技術アジャスターの仕事

国内損保には、技術アジャスターという職務があります。

鑑定人とか、物損事故調査員とも言われますが、業務としては保険事故の損害調査および付随する業務を行います。
損害の調査とは、交通事故において発生した物損害、自動車やオートバイ、それらと同時に発生した損害物の鑑定です。 鑑定というのは損害額を算出、確定まで行う事です。

これは対物保険、車両保険共に関する事ですが、基本的に技術アジャスターは自動車に関しては幅広い知識を持っており、 修理工場との修理方法の打ち合わせや、料金算出、最終的に修理費協定を行います。
この作業は、いかなる自動車でも対応可能で、国産外車を問わず車種も問いません。

他にも第三者への損害、例えば交通事故に遭った自動車が壁を破損させたり等、自動車以外の損害も鑑定します。
建物の場合は別に建物鑑定人がいる為、そちらに回ったりしますが、小損の場合などは技術アジャスターで対応したりします。

さらに交通事故の現場に赴き現場調査を行います。
この現場調査はかなり重要な業務で、対物保険であれば過失割合に影響の出る業務でもあります。
車両保険の場合は、保険請求時の事故報告内容との整合性を明らかにする為の業務で、不正請求防止に結び付きます。

対物保険では上記の把握した客観的な情報から事故の原因を特定し、交通事故紛争の解決を補助する役割を担っています。 紛争の解決というのは、いわゆる示談の解決の事ですが、技術アジャスターが直接関われる示談交渉には制限があり、 事案の選別が難しいところがあります。

示談交渉は、自動車の損傷状態や現場状況を確認するプロ集団である、技術アジャスターが適任だと言われてますが、 非弁法の問題で示談交渉すべてを行う事はできません。
損保協会と日弁連との間で協定書が取り交わしされており、技術アジャスターの関与できる示談交渉業務が決められています。
技術アジャスターは、各損保会社が100%出資した調査会社の所属です。 それが非弁法に結び付いているのかわかりませんが、近年では損保会社が調査会社を吸収統合しているところも出てきました。

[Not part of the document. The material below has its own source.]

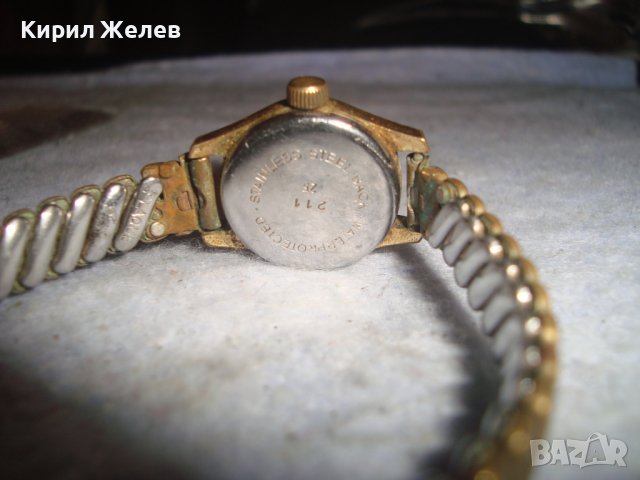 TRUMP WATCH 17 JEWELS СТАР ВИНТИДЖ ПОЗЛАТЕН ЛУКС МОДЕЛ с ПОЗЛАТЕНА ВЕРИЖКА ДАМСКИ МЕХ ЧАСОВНИК 25230, снимка 12 - Антикварни и старинни предмети - 36686241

今後は示談交渉の第一線に技術アジャスターが出てくる事でしょう。
現在示談交渉の第一線で活躍されている技術アジャスターは、すでに訴訟事案でも活躍しています。 ただこうなっていくと、示談交渉へスイッチしてしまい鑑定作業がおろそかになるという懸念もあり論議がされているところです。
今の損保各社は保険金支払額低減を目指しています。 鑑定作業がおろそかになると、当然保険金支払い率が上がり本来の目的と逆行してしまいます。

まさに今、技術アジャスターの業務は変貌の時代に差し掛かっていますが交通事故がなくなる事はないので、 技術アジャスターの職務もなくなる事はありません。